I have been full of admiration for Pope Francis during his U.S. trip. I thought his addresses to Congress, the United Nations and the U.S. bishops were excellent. But on the way home in the plane, during the press briefing, he addressed the issue of womens ordination. This is how it was reported by Joshua McElwee of the NCR:
“”Pope Francis has again forcefully rejected the possibility of female priests in the Catholic church, saying simply that his predecessor Pope John Paul II decided “that cannot be done.”
In response to a question during a press conference on his flight back to Rome late Sunday/early Monday after an historic ten-day trip to Cuba and the U.S., Francis said that while women may “have the capacity” to be priests John Paul clearly made a negative decision in that regard.
“Women priests — that cannot be done,” the pontiff said bluntly. “Pope St. John Paul II — after long, long discussions, long reflections — said it clearly.”
“Not because women do not have the capacity,” said Francis.
“But, look, in the church, women are more important than men because the church is woman; it is ‘la’ church, not ‘il’ church,” he said, speaking in Italian and referring to the gendered article used before the Italian word for church.
“The Church is the bride of Jesus Christ,” said the pope. “And the Madonna is more important than popes and bishops and priests.”
“I must recognize we are a bit late in an elaboration of the theology of women,” he continued. “We have to move ahead with that theology. Yes, that’s true.”
Francis’ answer on the papal plane is the latest in a series of somewhat controversial and frequently unclear remarks he has made about the role of women in the church.
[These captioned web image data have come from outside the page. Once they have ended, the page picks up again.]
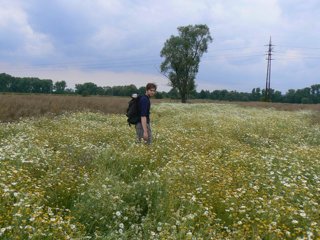 2008 Orlice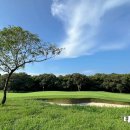 블랙스톤골프장(회원제) 이미지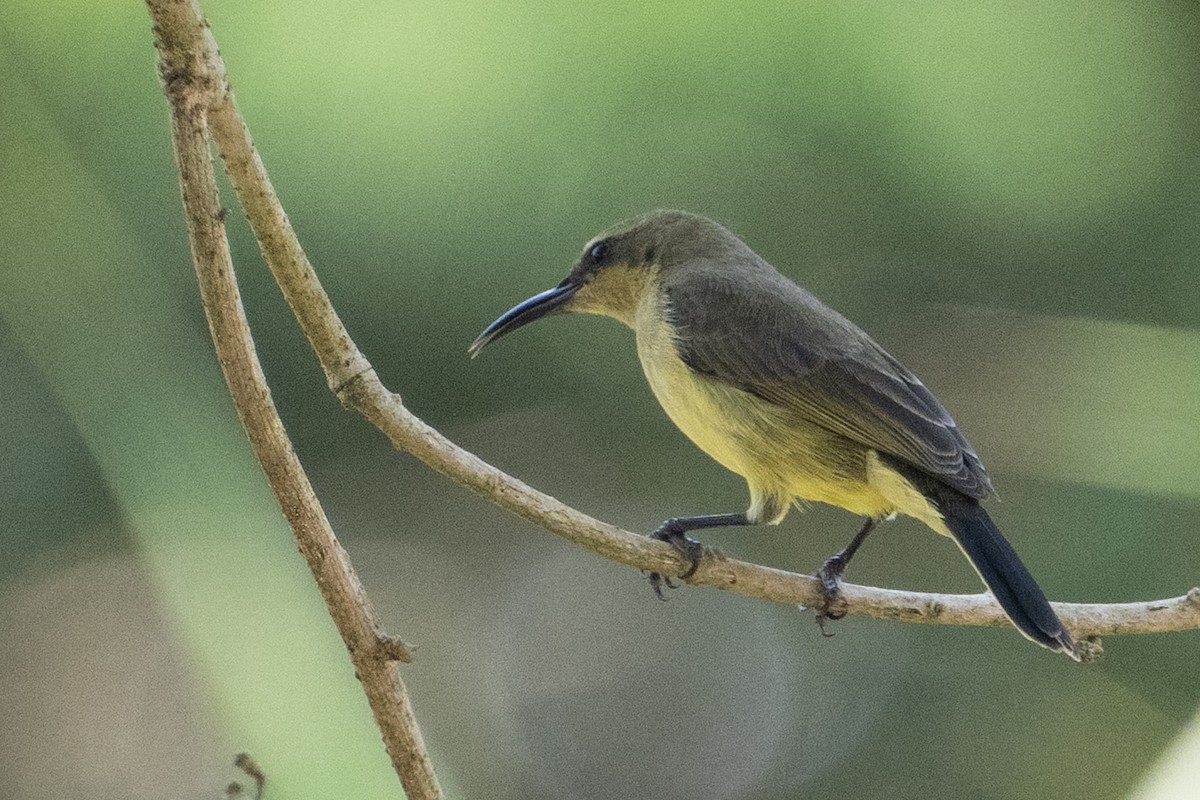 Olive Sunbird - ML641441340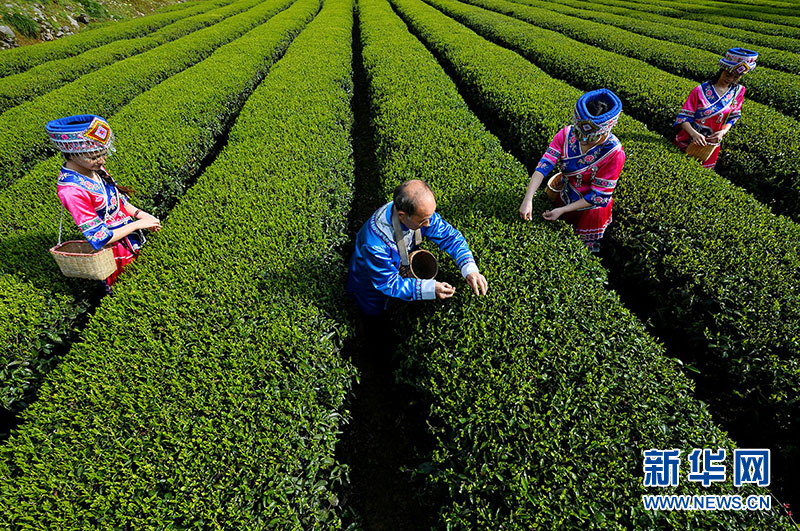 【恩施州】【大美荆楚·灵秀湖北】湖北恩施：非遗品牌焕发活力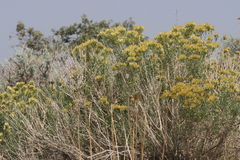 Chrysothamnus viscidiflorus viscidiflorus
The pope has previously said that the door to ordination for women was “closed” and has spoken of needing to develop a special theology of women.
He has also said he has stayed away from appointing women to high-level positions in the Vatican bureaucracy for fear of promoting some sort of “functionalism” of women’s roles.
One recent book of 43 essays by Catholic women said the pope’s call for a theology of women “reduce[s] women to objects of study, a separate category of reflection.”
“We resist … any suggestion that the Church needs a theology of ‘Woman’ or ‘womanhood,'” wrote the authors of Catholic Women Speak: Bringing Our Gifts to the Table.
“Rather than a deeper theology of women, we say that the Church needs a deeper theology of the human — a theological anthropology that can be developed only by the full inclusion of women in the process of theological reflection informed by the experiential realities of daily life,” they said.”
What is striking about the way he addresses this topic is the lack of clarity, the blatant contradictions, the general confusion of what he has to say. So much in contrast to the simplicity and clarity he normally shows. He clearly feels bound by the decision of his predecessor. If that is the case, and if he does not feel he can make any move in this area, it would be much better if he did not address the topic at all. Waffling on about how important women are, and how the Madonna is greater than any man, is meaningless and unhelpful.
The lack of equality for women in the Church is an issue that will not, and can not, go away. It will continue to fester, and drive more and more women out of the Church.